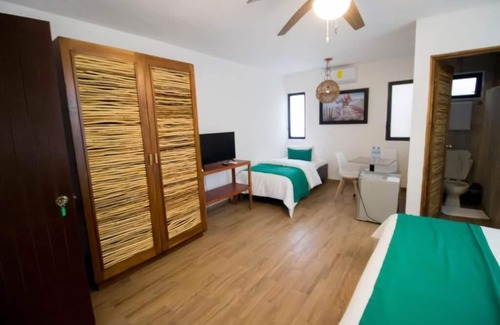 Puerto Morelos Hotel | Naturik Cancun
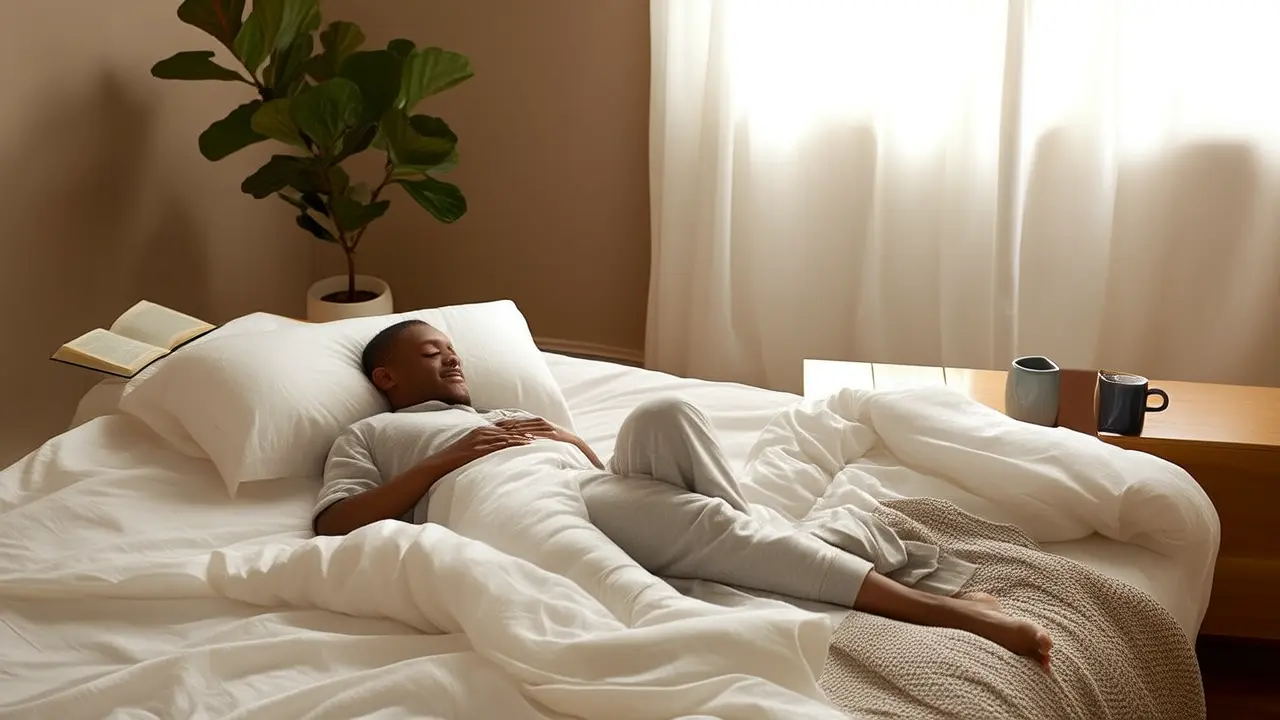 From Abdominal Massage to Deep Breathing: Three Small Habits Bring All-Day Relaxation and Health - Daily Wellness Habits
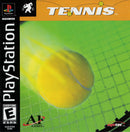 Tennis Front Cover - Playstation 1 Pre-Played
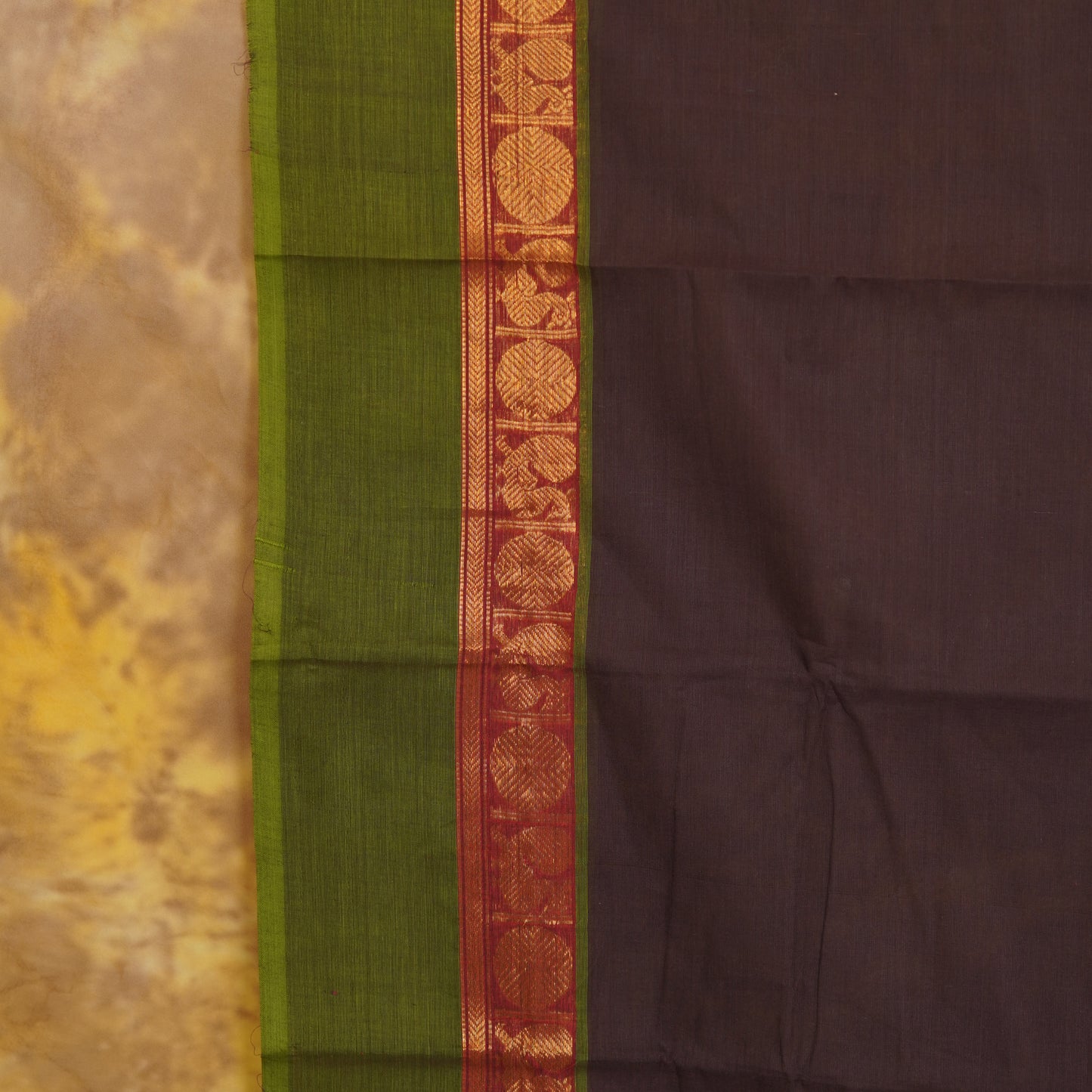 Ganga Jamuna Kanchi Cotton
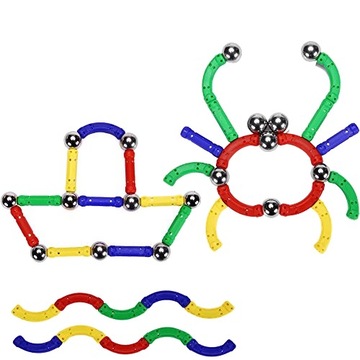 МАГНИТНЫЕ КОНСТРУКЦИОННЫЕ БЛОКИ 68 EL MAGNETIC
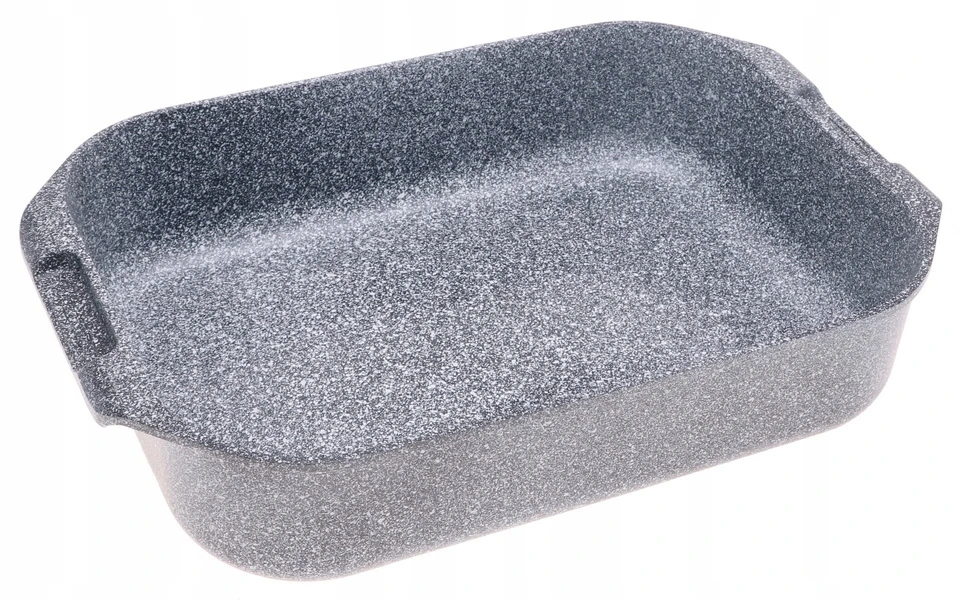 MARMURINĖ ŽŪSIO Keptuvė GRILL Keptuvė 2in1 Keptuvė 9L 34cm 3934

::::::::

* Required action
Nothing but the lines from the one that contains "Ganga Jamuna Kanchi Cotton" through the end of the material above is to be reproduced, exactly and without pictures.

* Written solution
 Ganga Jamuna Kanchi Cotton
 МАГНИТНЫЕ КОНСТРУКЦИОННЫЕ БЛОКИ 68 EL MAGNETIC
 MARMURINĖ ŽŪSIO Keptuvė GRILL Keptuvė 2in1 Keptuvė 9L 34cm 3934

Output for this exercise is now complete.